> **Task**:
For each line below that contains the string "during", copy that line.

*** Available data Section Begins ***

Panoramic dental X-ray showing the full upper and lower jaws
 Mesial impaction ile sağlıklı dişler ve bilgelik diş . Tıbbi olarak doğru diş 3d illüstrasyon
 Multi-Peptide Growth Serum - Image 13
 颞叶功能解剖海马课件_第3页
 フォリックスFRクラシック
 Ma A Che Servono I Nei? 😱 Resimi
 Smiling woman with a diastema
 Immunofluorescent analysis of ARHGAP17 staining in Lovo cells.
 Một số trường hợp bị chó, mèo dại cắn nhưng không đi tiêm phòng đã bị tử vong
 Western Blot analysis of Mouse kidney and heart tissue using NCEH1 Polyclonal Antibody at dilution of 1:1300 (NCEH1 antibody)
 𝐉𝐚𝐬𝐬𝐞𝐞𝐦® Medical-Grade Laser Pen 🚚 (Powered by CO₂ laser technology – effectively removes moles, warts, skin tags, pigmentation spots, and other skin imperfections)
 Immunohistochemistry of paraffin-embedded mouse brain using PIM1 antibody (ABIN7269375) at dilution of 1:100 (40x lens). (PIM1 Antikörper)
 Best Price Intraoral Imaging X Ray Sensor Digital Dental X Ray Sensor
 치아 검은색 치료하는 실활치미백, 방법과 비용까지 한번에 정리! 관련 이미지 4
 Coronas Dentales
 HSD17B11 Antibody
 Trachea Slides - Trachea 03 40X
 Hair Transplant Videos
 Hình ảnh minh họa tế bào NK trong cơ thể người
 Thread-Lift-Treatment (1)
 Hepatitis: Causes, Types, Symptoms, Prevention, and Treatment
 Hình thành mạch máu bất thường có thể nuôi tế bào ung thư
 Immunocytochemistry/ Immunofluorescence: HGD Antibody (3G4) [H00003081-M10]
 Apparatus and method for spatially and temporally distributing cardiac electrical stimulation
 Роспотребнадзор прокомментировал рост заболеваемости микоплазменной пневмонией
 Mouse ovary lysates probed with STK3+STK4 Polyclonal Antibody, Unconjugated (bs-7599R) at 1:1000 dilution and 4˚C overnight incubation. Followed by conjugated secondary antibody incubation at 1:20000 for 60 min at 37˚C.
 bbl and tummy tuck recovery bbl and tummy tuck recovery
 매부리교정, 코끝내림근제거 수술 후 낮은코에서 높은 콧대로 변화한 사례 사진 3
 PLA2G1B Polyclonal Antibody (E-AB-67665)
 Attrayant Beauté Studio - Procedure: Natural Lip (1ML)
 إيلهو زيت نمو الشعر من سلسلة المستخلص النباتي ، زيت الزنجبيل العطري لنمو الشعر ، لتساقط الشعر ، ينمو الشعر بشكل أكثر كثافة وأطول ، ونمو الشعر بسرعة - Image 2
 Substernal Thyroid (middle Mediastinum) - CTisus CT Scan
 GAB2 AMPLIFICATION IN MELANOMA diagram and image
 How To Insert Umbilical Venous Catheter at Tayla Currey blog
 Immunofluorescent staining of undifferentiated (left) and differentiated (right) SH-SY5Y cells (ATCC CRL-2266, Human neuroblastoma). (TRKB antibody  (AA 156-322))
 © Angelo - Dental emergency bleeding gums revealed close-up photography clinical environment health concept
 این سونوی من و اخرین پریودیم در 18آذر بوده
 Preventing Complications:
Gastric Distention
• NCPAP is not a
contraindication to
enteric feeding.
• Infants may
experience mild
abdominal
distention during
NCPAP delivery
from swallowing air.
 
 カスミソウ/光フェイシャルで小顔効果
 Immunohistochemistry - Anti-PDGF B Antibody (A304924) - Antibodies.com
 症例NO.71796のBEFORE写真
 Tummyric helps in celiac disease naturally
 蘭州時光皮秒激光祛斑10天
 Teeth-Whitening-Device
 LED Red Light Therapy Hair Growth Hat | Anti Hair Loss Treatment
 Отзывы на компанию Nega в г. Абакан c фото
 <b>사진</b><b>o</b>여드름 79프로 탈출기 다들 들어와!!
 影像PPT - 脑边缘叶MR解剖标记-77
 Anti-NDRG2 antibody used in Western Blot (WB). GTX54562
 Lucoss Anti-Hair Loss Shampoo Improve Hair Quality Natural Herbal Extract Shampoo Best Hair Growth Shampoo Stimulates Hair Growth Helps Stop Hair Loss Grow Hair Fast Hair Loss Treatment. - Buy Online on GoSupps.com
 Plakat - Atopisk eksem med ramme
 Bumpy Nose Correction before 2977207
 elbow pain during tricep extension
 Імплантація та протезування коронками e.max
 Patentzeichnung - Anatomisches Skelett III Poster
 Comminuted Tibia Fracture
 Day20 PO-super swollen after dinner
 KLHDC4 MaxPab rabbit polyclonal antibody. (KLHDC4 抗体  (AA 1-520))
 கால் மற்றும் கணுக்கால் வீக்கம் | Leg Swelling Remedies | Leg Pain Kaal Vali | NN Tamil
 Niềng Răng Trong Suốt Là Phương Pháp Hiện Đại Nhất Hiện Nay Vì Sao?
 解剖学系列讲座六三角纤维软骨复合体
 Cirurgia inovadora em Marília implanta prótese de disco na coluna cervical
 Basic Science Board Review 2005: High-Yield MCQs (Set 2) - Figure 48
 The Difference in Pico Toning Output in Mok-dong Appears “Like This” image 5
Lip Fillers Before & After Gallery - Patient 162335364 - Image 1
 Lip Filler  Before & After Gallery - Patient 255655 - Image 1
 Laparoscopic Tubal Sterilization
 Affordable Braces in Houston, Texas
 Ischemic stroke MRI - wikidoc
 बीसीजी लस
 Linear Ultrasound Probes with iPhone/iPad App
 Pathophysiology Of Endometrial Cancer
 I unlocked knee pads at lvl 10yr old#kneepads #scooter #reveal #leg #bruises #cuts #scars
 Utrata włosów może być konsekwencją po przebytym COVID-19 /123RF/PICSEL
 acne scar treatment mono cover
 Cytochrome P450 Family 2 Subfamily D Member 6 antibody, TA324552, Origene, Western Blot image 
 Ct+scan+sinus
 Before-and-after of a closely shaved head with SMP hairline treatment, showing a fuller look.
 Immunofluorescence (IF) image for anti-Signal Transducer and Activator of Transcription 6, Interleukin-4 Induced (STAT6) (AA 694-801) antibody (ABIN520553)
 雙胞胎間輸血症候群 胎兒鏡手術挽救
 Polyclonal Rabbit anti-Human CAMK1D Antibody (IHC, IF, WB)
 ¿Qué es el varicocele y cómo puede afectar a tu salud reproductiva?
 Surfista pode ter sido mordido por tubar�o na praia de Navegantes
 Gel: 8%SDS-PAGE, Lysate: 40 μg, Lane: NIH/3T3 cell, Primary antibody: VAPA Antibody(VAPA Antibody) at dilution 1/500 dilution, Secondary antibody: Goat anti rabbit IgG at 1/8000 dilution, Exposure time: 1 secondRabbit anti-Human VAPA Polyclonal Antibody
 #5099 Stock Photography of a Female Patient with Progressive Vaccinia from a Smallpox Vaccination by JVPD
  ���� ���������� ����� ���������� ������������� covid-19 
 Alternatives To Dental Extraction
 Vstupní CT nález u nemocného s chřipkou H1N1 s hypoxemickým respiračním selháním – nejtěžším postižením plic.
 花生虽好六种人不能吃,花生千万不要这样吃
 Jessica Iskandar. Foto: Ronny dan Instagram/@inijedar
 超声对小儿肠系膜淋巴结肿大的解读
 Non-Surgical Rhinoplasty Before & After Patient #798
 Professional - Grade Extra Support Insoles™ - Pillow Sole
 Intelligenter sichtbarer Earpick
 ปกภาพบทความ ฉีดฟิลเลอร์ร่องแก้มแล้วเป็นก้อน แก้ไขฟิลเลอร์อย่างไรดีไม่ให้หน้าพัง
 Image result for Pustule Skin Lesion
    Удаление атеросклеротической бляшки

*** Available data Section Ends ***

> **Response**:
distention during
 elbow pain during tricep extension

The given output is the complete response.